Andrew Tyrie warns over bank surcharge ahead of Treasury meeting
The chairman of an influential parliamentary committee has once again slammed the bank surcharge ahead of a meeting between challenger banks and the Treasury tomorrow.
"Millions of consumers and small businesses have been getting a poor deal for decades because of inadequate competition and choice in banking," Andrew Tyrie, who chairs the Treasury Select Committee, said today.
"It is crucial that this surcharge does not act as an impediment to the government’s efforts to increase competition in the sector."
Chancellor George Osborne wants to gradually reduce the bank levy rate over the next six years from 0.21 per cent to 0.1 per cent, while introducing a new tax on the entire sector, affecting a batch of new “challenger banks” that are currently exempt from the charge.
Challenger banks say they offer longer opening hours, more competitive products and customer-centric services to tempt people away from the "Big five" high street banks.

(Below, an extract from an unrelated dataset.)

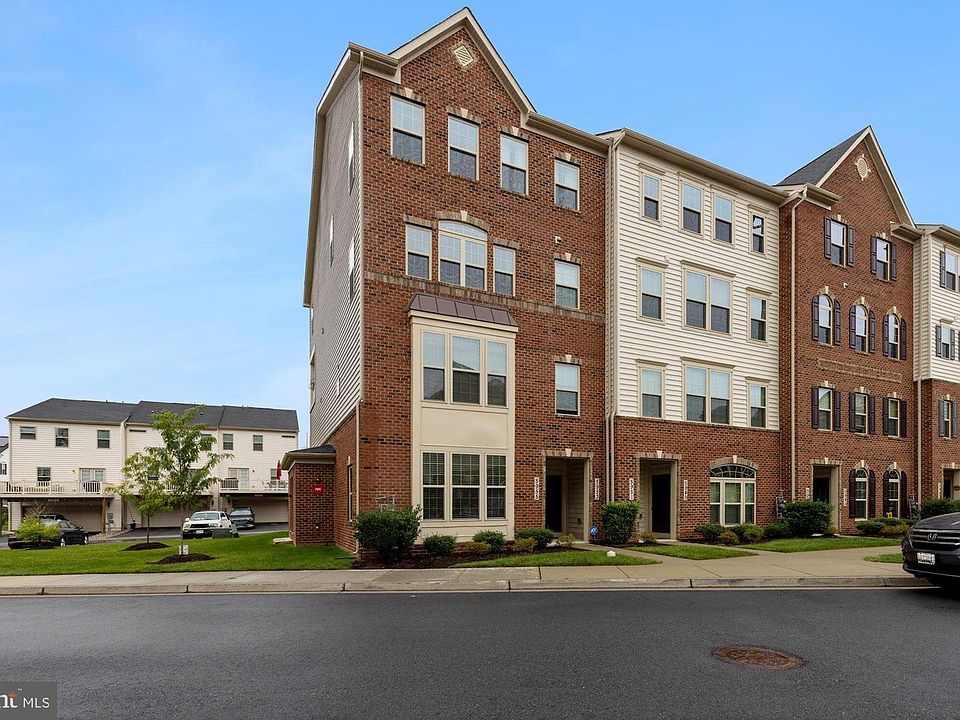 1st image of 5953 Leben Dr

But the bank surcharge could make it harder for them to break through.
Read more: Chancellor George Osborne defends bank surcharge at Treasury Select Committee grilling
Tyrie previously said that the bank surcharge could unintentionally reduce banking competition, making it harder for new entrants into the market, something that would damage consumer interests.
Last month City A.M. reported that the treasury committee will publish its own recommendations on the chancellor’s proposal later this year, which may call for the Treasury to revisit the surcharge.

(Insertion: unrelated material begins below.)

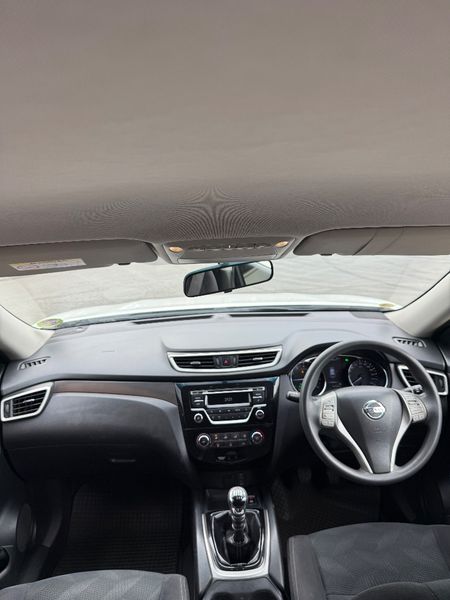 2016-Nissan-X-Trail-20-XE_14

At the time, we also revealed building societies such as Yorkshire Building Society and Skipton are also engaging with the Treasury over what they dubbed the "perverse" surcharge.
But Tyrie today said building societies wouldn't necessarily be unfairly punished by the bank surcharge.
"The surcharge has also been criticised on the grounds that it fails to reflect the unique risks created by the banks and building societies. Building societies, in particular, have argued that they are less risky than big banks and that the new tax disproportionality affects them."
"This may not be the case. As Andrew Bailey [chief executive of the Prudential Regulation Authority] confirmed to the treasury committee in March 2015, these institutions do not necessarily carry less risk than banks. Both banks and building societies create prudential risk."